Where do we even begin? With the big twist that Adelaide ( Lupita Nyong’o ) isn’t actually Adelaide but one of the Tethered? And that rather than protecting her family during the movie, she’s trying to keep her past secret? (Or both!). Or with a breakdown of why Peele chose Hands Across America as a pivotal theme? Maybe with a flick through the Good Book to Jeremiah 11:11?
Below, we’re diving into the movie’s big ideas, and big questions, and shedding some light. But be warned: The more we look, the more questions we find, so please join in this deep Us dissection in the comments, offering up new questions and ever more elaborate theories about Peele’s latest scary puzzler. We will update the piece with new information and theories as we find them, including the best stuff from the comments.
Can you clarify exactly what the “Tethered” Are?
(Photo by @ Universal)
Who the Tethered are is explained, to some extent at least, in two key moments in the movie. There is the fireside chat, in which Red, Adelaide’s double/Tethered, answers Gabe’s ( Winston Duke ) question, “What are you people?” with a “Once upon a time…” tale that reveals that an entity called “they” created the doubles by cloning the population (with the glitch that they hadn’t quite worked out how to clone the soul as well as the body; the soul is split and shared). More is revealed towards the end of the movie when we see, in flashbacks, how the Tethered lived underground – first as bodies intended to control the above-ground population (though there is no explanation as to exactly how that works) and then, once the Tethered were abandoned there, seemingly forced to live a crude reflection of the lives lived by their doubles on the surface.
Who created the Tethered?
It’s never made explicitly clear who exactly created the Tethered, and the “why” – to control the above-ground population – is not really fleshed out. We only hear the creators referred to as “they.” Most theorists believe it’s the government. Not only does the below-ground facility we visit in the film’s climax look and feel government-y, but there are allusions to government control throughout the film, including the moment in the car when Zora ( Shahadi Wright Joseph ) mentions that the government adds fluoride to the water to brainwash the population. Peele said in an interview with The Hollywood Reporter that there is definitely a detailed explanation for how the Tethered came to be, and who made them, but he isn’t sharing anytime soon. “I have a pretty elaborate mythology and history of what’s going on in this film. And of course, the dilemma that comes up is how much of that do you tell?” he said. “When there are questions left, and you know there is more to the story, your imagination is left to run wild.” Mission: Accomplished. We’ll just have to wait for the sequel: Them .
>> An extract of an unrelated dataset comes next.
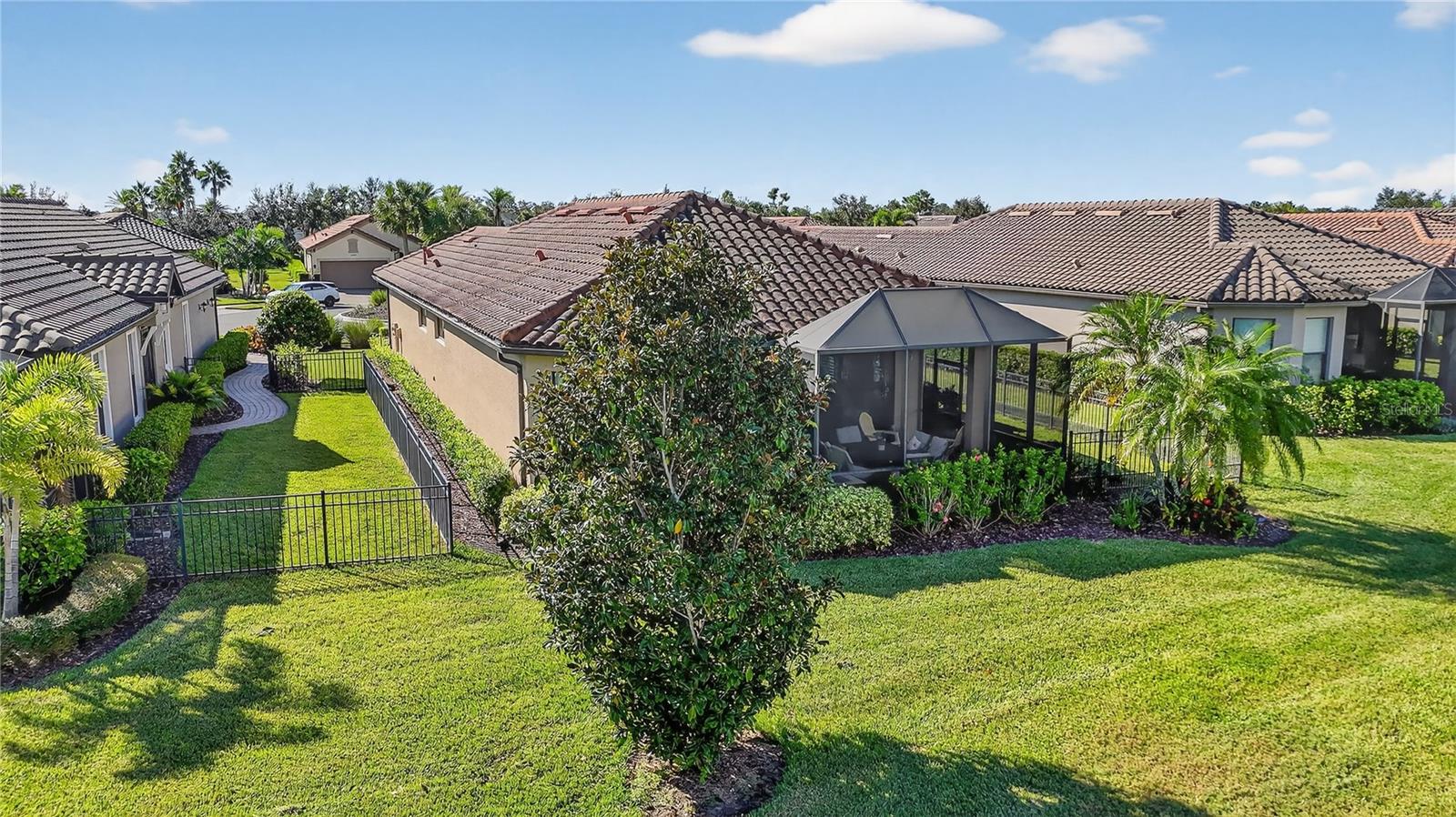 Image 4 of 58 For 4828 Heinman Cove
What are the Tethered a metaphor for?
It’s there in the title: us . The obvious point being made in Us is that we are our own worst enemy, so “watch yourself.” Peele said as much in a Q&A following the movie’s premiere at South by Southwest, and elaborated in an interview with the Guardian . “We are our own worst enemy, not just as individuals but more importantly as a group, as a family, as a society, as a country, as a world. We are afraid of the shadowy, mysterious ‘other’ that’s gonna come and kill us and take our jobs and do whatever, but what we’re really afraid of is the thing we’re suppressing: our sin, our guilt, our contribution to our own demise … No one’s taking responsibility for where we’re at. Owning up, blaming ourselves for our part in the problems of the world is something I’m not seeing.” Taking this further, and considering how your sympathies might change on a second viewing – if you’re like us , you may be rooting for Red, who was dragged into a life of servitude – we begin to see some greater truths being revealed in the movie. Is Peele making a point about America’s burying of its past – our collective putting-in-the-dark of the parts of the nation’s history we don’t want to face and, like Adelaide, are determined to keep it in the dark. In the Tethered, Peele seems to say that chance and circumstance are really the only things separating the privileged “us” from the “thems” we fear.
US also means the U.S., right?
Bingo. When asked “What are you people?,” Red answers “We’re Americans” in a line that has been singled out by some critics as being perhaps a bit too on-the-nose. Multiple points seem to be being made here: That the Tethered are Americans, just like us; and that these are our “fellow Americans” who’ve been living this way (just like it’s your fellow Americans who live in poverty).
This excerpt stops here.